- [What to work on]:
Beginning at the top of the listing, repeat each line exactly until the line with "Ốp MEIRUYI cao" has been repeated too.
=== Section Start ===
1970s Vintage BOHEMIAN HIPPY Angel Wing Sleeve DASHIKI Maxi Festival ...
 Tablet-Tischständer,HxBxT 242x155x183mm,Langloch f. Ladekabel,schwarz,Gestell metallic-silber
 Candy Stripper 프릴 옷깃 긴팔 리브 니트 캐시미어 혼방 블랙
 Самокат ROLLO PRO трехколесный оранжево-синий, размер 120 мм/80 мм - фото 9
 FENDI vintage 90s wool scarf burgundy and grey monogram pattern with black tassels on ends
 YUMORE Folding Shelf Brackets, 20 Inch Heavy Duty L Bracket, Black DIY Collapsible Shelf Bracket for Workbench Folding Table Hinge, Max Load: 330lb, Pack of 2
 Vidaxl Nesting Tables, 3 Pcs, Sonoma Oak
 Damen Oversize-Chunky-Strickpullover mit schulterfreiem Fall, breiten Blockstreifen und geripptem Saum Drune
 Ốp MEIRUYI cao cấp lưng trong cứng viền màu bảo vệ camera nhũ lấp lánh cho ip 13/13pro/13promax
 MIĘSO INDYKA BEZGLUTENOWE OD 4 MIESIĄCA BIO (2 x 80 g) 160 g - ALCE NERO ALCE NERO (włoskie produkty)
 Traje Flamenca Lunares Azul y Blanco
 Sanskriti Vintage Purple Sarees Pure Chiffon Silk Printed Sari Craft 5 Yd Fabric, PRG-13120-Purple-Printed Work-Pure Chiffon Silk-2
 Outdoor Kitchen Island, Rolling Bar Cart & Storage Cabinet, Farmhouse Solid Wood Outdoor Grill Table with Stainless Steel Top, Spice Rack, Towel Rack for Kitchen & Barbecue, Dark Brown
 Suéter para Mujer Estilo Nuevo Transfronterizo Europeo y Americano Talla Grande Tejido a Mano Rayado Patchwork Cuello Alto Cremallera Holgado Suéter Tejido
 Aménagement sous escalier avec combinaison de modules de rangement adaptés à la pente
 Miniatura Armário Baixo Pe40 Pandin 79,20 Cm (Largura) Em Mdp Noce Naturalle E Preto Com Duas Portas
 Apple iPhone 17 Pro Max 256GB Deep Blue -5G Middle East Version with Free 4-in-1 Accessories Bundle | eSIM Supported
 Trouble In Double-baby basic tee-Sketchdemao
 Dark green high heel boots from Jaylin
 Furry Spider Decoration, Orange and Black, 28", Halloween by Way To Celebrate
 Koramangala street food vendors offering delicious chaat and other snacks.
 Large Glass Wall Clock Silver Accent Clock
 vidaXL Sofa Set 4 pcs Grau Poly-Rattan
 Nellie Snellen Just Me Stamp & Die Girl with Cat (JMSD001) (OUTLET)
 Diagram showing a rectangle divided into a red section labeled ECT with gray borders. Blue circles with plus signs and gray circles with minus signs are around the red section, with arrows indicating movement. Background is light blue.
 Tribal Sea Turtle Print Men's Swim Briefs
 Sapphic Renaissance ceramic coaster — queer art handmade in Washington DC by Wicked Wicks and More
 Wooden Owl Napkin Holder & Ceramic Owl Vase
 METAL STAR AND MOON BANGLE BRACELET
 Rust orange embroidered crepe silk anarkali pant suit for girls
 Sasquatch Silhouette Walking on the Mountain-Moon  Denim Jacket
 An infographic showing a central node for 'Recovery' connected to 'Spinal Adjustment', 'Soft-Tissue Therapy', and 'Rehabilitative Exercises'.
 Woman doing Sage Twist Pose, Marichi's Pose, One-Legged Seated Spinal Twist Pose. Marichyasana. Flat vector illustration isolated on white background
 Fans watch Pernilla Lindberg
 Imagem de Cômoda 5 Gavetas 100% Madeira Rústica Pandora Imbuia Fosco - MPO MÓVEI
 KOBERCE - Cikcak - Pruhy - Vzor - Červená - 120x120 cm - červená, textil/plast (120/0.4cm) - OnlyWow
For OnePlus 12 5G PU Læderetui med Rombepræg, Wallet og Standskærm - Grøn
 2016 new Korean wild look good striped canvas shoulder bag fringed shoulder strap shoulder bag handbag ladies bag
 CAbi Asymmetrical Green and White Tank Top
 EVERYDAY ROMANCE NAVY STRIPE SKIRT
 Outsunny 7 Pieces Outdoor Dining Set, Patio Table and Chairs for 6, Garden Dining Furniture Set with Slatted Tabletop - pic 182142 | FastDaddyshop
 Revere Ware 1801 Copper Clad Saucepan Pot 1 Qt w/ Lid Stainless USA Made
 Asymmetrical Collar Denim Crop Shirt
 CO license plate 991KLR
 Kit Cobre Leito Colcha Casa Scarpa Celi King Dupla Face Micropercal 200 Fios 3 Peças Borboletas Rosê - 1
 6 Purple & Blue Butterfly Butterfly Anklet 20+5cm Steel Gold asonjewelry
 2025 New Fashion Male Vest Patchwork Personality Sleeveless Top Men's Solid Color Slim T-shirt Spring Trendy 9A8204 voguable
=== Section End ===
- [Task result]:
1970s Vintage BOHEMIAN HIPPY Angel Wing Sleeve DASHIKI Maxi Festival ...
 Tablet-Tischständer,HxBxT 242x155x183mm,Langloch f. Ladekabel,schwarz,Gestell metallic-silber
 Candy Stripper 프릴 옷깃 긴팔 리브 니트 캐시미어 혼방 블랙
 Самокат ROLLO PRO трехколесный оранжево-синий, размер 120 мм/80 мм - фото 9
 FENDI vintage 90s wool scarf burgundy and grey monogram pattern with black tassels on ends
 YUMORE Folding Shelf Brackets, 20 Inch Heavy Duty L Bracket, Black DIY Collapsible Shelf Bracket for Workbench Folding Table Hinge, Max Load: 330lb, Pack of 2
 Vidaxl Nesting Tables, 3 Pcs, Sonoma Oak
 Damen Oversize-Chunky-Strickpullover mit schulterfreiem Fall, breiten Blockstreifen und geripptem Saum Drune
 Ốp MEIRUYI cao cấp lưng trong cứng viền màu bảo vệ camera nhũ lấp lánh cho ip 13/13pro/13promax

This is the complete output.